Brent crude rose above $115 a barrel and WTI traded above $103 as deadlocked negotiations over reopening the Strait of Hormuz kept supply-disruption fears elevated. WTI has gained more than 49% since the war against Iran began on Feb. 28, while U.S. gas prices have already hit their highest levels in years. Reports that President Trump plans to extend the blockade of Iranian ports add to the geopolitical and energy-market shock, with the UAE's OPEC exit unlikely to ease near-term supply because the strait remains closed.

Analysis

The first-order beneficiary is the upstream complex, but the more interesting trade is the widening dispersion between physical-energy winners and everything that consumes diesel, jet fuel, or naphtha. If this supply shock persists for even a few weeks, refining margins likely stay unusually strong because product inventories are the real bottleneck, not crude availability; that supports integrateds and refiners while pressuring transports, chemicals, airlines, and consumer discretionary via pass-through lags. The second-order risk is that this becomes a financing and logistics event, not just an oil event.
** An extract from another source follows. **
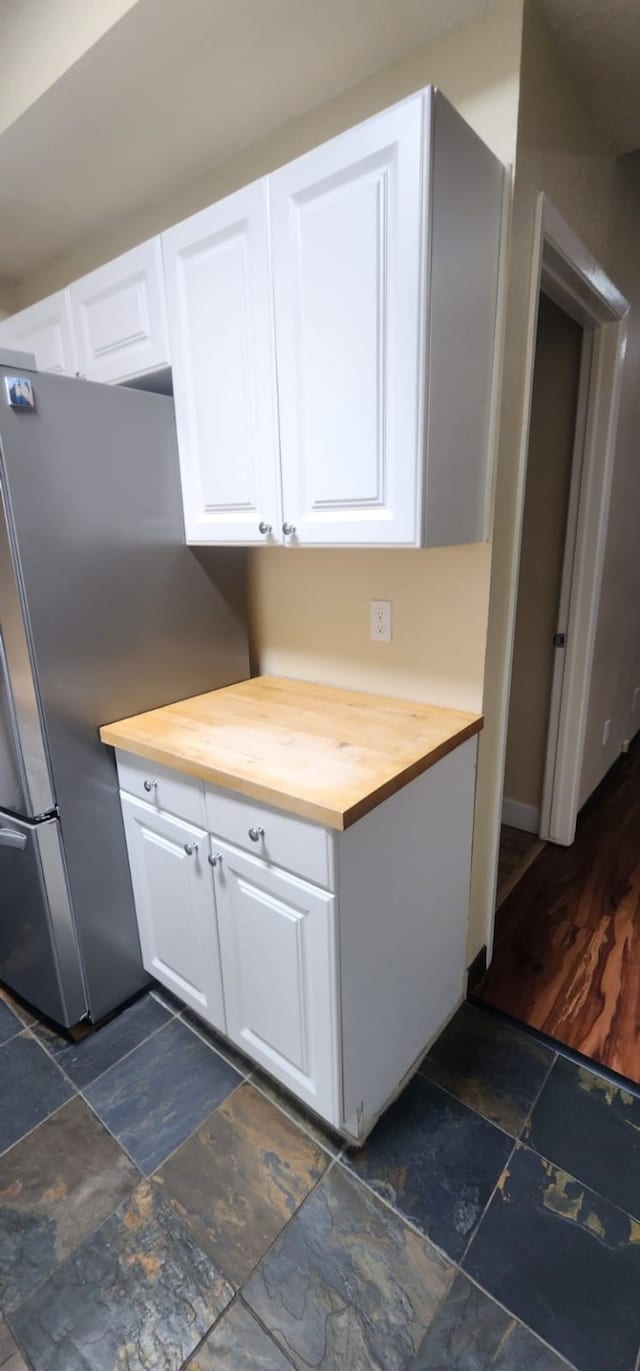 kitchen with butcher block countertops, white cabinets, and stainless steel refrigerator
A prolonged Strait disruption raises working-capital needs across the energy chain, tightens marine insurance and charter rates, and can force non-U.S. buyers to prepay or reroute, which effectively removes barrels from the spot market before they are physically lost. That tends to steepen the forward curve, which helps storage-sensitive players and hurts downstream firms that hedge late. The market may be underpricing policy response. At these levels, the probability of coordinated release from strategic stocks, diplomatic de-escalation, or an output offset from non-Gulf producers rises sharply on a 2-8 week horizon, so chasing outright crude beta late is lower quality than owning convexity. The contrarian view is that the move in oil is already forcing demand destruction in marginal sectors faster than headline data will show, which could cap Brent once it starts to bite into freight and industrial activity. ING is not the trade; the signal is that the entire commodity complex is repricing geopolitical tail risk. The highest convexity setup is not a directional oil bet alone, but a relative-value expression: long energy cash-flow generators versus short rate-sensitive, fuel-intensive cyclicals. If the Strait reopens, the unwind is violent and fast; if it stays shut, the winners extend, but only until demand destruction and intervention start to dominate.